CD: I think that’s absolutely right. As a hitter, you don’t want to step in the box against a guy like Nolan, who throws 100 mph, and if you (upset him), there might be some bad intentions there. Like I said, it’s a constant game of competition. Anything you can do to get an edge on your opponent is going to benefit you. If you know that a guy is up there competing and he’s scrappy and not afraid of anything, you know you’re going to have to bring your A-game.
DL: Ted Williams said, “If I was being paid $30,000 a year, the very least I could do is hit .400.”
CD: That’s Ted Williams. That’s one of the greatest hitters ever in the game. I understand what he meant. We get paid well to play the game we love. I think that refers more to the work aspect of the job. He’s saying that if he gets paid that amount of money to go out there and play every day, he’s going to do everything within his power to go out there and try to hit .400. I think we all feel like that. We all want to be the best baseball players that we can be, not only for our teams, our staffs, our organizations, but for the fans. We want to give them a good show. That’s just our competitive nature, but like you say, sometimes things just don’t go your way. Sometimes you hit struggles, sometimes you hit slumps. Like I said, that’s the beauty of the game.
DL: The next one is from Honus Wagner: “There ain’t much to being a ballplayer, if you’re a ballplayer,”
CD: You’re bringing those quotes from back in the day. That’s when the game was at its purest form. Those guys went out there and played 110 percent every game. We refer to it as old-school, and they played the game with a chip on their shoulder. They were out there to prove something and they were out there to uphold the dignity of the game, and I think that’s something, as baseball players later on, that we have to uphold, respect and pass along.
DL: Leo Durocher said, “Baseball is like church. Many attend, few understand.”

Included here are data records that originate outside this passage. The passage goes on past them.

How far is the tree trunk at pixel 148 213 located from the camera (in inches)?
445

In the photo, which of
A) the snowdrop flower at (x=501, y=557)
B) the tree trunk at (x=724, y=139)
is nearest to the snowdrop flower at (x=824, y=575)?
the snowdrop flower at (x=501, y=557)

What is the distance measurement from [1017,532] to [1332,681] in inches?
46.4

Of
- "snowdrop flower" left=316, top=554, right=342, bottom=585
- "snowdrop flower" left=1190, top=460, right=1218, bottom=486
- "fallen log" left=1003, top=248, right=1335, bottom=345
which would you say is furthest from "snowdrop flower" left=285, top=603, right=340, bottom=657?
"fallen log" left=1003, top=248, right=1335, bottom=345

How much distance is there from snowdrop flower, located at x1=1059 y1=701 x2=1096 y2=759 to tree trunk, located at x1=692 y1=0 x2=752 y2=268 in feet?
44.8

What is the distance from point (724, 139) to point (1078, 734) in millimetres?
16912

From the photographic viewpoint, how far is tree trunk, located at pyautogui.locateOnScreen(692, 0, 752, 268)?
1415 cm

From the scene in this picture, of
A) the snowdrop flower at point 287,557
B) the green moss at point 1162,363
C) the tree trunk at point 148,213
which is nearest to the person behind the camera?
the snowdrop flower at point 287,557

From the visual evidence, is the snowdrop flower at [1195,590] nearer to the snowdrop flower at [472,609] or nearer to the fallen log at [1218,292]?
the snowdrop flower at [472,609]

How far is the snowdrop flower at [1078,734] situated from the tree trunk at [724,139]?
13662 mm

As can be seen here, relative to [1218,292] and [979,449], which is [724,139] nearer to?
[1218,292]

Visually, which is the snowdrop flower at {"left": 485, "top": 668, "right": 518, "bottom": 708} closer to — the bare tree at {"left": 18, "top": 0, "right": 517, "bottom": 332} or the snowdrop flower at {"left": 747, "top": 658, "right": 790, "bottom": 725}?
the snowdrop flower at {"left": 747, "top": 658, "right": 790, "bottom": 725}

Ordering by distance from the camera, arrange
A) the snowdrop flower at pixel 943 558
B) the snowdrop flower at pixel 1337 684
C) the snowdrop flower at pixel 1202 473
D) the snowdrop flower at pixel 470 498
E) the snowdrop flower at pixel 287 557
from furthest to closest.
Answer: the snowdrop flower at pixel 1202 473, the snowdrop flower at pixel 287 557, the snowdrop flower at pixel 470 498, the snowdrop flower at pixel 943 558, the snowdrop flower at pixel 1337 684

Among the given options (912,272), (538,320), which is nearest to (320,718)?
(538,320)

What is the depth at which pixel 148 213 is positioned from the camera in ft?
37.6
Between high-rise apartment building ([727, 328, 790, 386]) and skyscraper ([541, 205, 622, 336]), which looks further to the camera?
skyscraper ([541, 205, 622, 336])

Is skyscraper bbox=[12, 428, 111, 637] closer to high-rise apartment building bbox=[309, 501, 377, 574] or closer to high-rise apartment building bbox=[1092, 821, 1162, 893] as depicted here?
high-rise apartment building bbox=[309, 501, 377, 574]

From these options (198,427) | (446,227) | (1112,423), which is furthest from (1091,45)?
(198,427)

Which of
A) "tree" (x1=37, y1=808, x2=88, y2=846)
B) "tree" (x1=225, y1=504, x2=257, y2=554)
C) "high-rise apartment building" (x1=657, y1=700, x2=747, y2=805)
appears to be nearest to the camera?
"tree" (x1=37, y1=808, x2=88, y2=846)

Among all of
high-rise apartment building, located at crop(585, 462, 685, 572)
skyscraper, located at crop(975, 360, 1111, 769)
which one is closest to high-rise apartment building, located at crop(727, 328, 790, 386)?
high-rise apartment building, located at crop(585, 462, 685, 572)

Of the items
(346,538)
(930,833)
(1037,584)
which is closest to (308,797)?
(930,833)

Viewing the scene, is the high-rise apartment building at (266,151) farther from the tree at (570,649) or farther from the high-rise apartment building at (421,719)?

CD: I feel like that sometimes. You talk about the struggles and the journey it takes go through the minor leagues. That’s one of the hardest things that you can do in professional sports. You get drafted and you have to go…some guys spend seven or eight years in the minor leagues and finally get a chance to be in the big leagues. It’s definitely a game of opportunity and a game of chance. I think he’s exactly right. There are a lot of guys who have played baseball, but not a lot of guys that you know have played in the big leagues.
DL: Dick Allen said, “If a horse can’t eat it, I don’t want to play on it.”
CD: I think that baseball is supposed to be played on grass. It’s the way the game was created. It’s the way the game was known for a long time and to be honest with you, I don’t know too many people that like turf. There’s something that can be said about walking out onto a baseball field and smelling the grass and just the way it looks. It’s baseball in its pure form.
DL: The last one is from Ernie Harwell: “Baseball is a ballet without music, drama without words.”
CD: I think that’s a really good description of the game. There are times…when you see a double play, or a guy roll a double play or a guy makes a diving catch -- there are certain things about the game that are so beautiful and so pure. You just can’t even compare it to anything. I think that’s one of the things people really enjoy and it is the reason that it’s America’s pastime. There are so many intangible things about the game, so many things that you can’t touch, or sometimes can’t even describe. We just had two nights in a row with walk-off wins here. There’s the sense of adrenaline, the sense of emotion. I mean, that’s just baseball at its finest. This is a great game.